HC Deb 11 December 1980 vol 995 cc1064-5
14. Mr. Douglas

asked the Chancellor of the Exchequer if he will make a statement on his proposed changes in taxation on North Sea oil, giving his estimates of the "Government take" from each of the fields affected and the anticipated revenues in the next five years.

Mr. Peter Rees

Forecasts of Government take from the North Sea depend on a number of factors — including changes in the price of oil, costs and the production programme — which cannot be precisely estimated. Looking one year ahead, I expect total Government revenues in 1981–82 from oil and gas production to be in the range of £4½ billion to £5 billion at 1980–81 prices with about £900 million attributable to the proposals outlined in the statement of my right hon. and learned Friend the Chancellor on 24 November. For reasons of confidentiality, I cannot provide estimates for individual fields.

Mr. Douglas

Will the hon. and learned Gentleman confirm that the estimates that he has just given show no change from the forecast he made some months ago? Does he agree that his Government are being extremely profligate with this finite resource by using all these revenues to sustain social expenditure, unemployment benefits and so on instead of putting them aside to sustain our manufacturing base?

Mr. Rees

My right hon. and learned Friend made it clear in the documents published alongside his statement of 24 November that there had been a diminution in our expectation of the take next year apart from the new tax. On the question of profligacy, North Sea oil revenues are not hypothecated to any particular form of activity.
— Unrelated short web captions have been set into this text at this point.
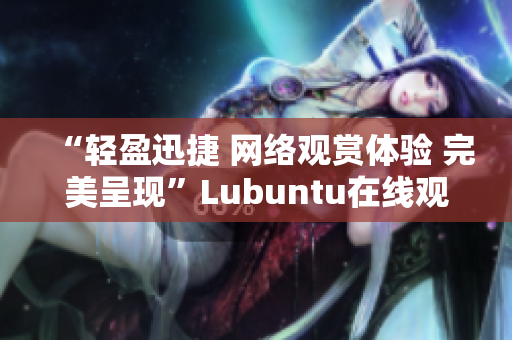 “輕盈迅捷 網(wǎng)絡(luò)觀賞體驗 完美呈現(xiàn)”Lubuntu在線觀看版展示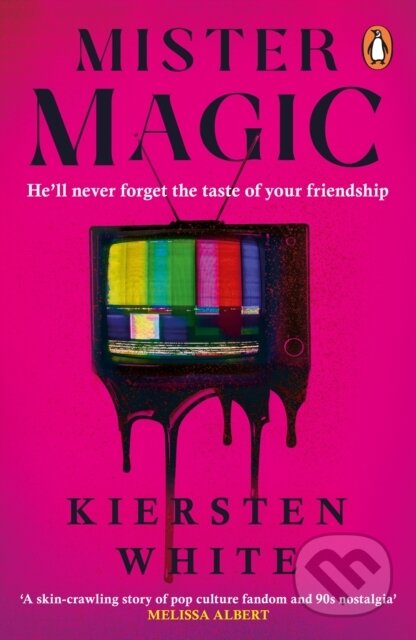 Kniha: Mister Magic (Kiersten White). Cornerstone, 2024 Kniha: Mister Magic (Kiersten White). Cornerstone, 2024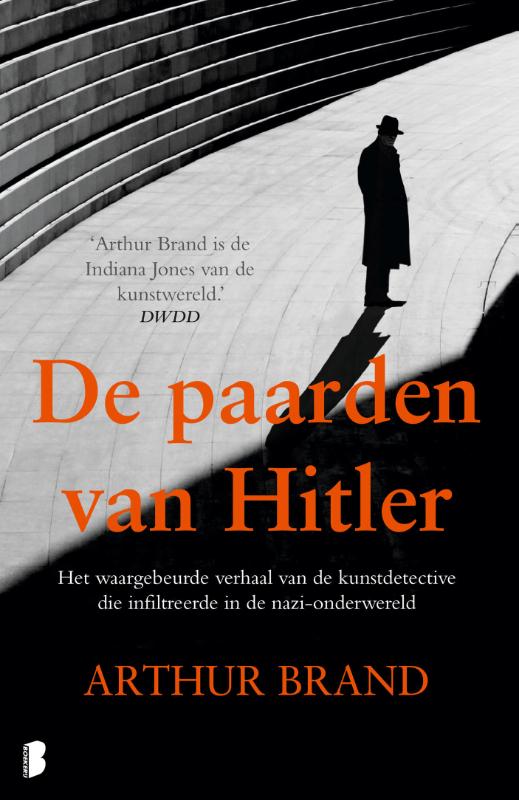 Arthur Brand De Paarden Van Hitler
We could just as easily pray in aid the additional sums being put into various employment measures and the capital requirements of the nationalised industries.

Mr. Eggar

What is the net increase in the Government take as a result of the 24 November announcement about a windfall profits tax?

Mr. Rees

We hope about £900 million.

Mr. Grimond

In view of the large take from the North Sea, and since British industry now has to buy the most expensive fuel in Europe, will the Government consider taking the tax off oil?

Mr. Rees

I cannot anticipate my right hon. and learned Friend's Budget.

Mr. John Home Robertson

Does the Minister of State accept that the whole of the Government's take from North Sea oil revenues in the current year and next year is already being swallowed up by unemployment benefits?

Mr. Rees

I do not. The figures do not match up in the way suggested by the hon. Gentleman.